Kids who use ChatGPT as a study assistant do worse on tests
Study design & core findings
- Study had three groups during math practice:
- Control: no GPT.
- “GPT Base”: standard GPT‑4, gives full answers.
- “GPT Tutor”: GPT‑4 with prompts to give hints, not answers, and tuned on the problem set.
- With GPT access during practice:
- GPT Base students solved ~48% more practice problems correctly.
- GPT Tutor students solved ~127% more practice problems correctly.
- On a later closed-book exam with no GPT:
- GPT Base group scored ~17% worse than control.
- GPT Tutor group was statistically indistinguishable from control (slightly lower but not significant).
- GPT had a high error rate overall, especially in multi-step reasoning; the tutor version was fed correct answers.
How students used GPT & overconfidence
- Many commenters infer students often offloaded thinking to GPT, especially in the Base condition.
- Both GPT groups were more confident they’d done well, despite equal or worse exam scores, suggesting inflated self-assessment.

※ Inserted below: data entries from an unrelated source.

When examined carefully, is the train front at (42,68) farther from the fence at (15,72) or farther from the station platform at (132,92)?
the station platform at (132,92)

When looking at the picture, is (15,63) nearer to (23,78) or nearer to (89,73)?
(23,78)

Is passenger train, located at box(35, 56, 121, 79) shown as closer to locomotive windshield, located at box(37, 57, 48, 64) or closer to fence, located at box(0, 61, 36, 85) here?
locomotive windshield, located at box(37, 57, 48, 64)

Struggle, learning, and “crutch” concerns
- Repeated theme: productive struggle (trying, failing, correcting) is where learning happens; instant answers short-circuit this.

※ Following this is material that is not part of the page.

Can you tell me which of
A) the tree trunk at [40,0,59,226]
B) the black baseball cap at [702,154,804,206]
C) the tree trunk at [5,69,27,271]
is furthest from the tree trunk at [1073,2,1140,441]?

- Several developers report similar effects with Copilot/LLMs: their “thinking turns off” when an easy button is available.
- Others say they’ve learned more (e.g., bash, AI, deep learning) via ChatGPT than via traditional resources, when used as an explainer/tutor after personal effort.
Comparisons to other tools
- Analogies to:
- Parents doing homework.
- Calculators in early math.
- Stack Overflow / Google search.
- Consensus: tools can either be force multipliers or crutches; experts benefit more because they can verify and direct the tool.
Assessment relevance & future skills
- Some argue the exam is like banning cars and then testing on horse racing; “real world” performance with AI may matter more.
- Others counter that:
- Many tasks still can’t safely rely on LLMs.
- You must already understand the domain to catch hallucinations.
- Foundational reasoning skills are still essential.
Study limitations & policy implications
- Conducted in one Turkish high school; generalizability is questioned but many doubt results would radically differ elsewhere.
- It’s a preprint, not yet peer-reviewed; some see the media title as misleading or overly strong.
- Broad takeaway in the thread: unmanaged “answer-giving” GPT harms learning; carefully constrained “tutor mode” at least avoids harm but, in this study, didn’t clearly improve it.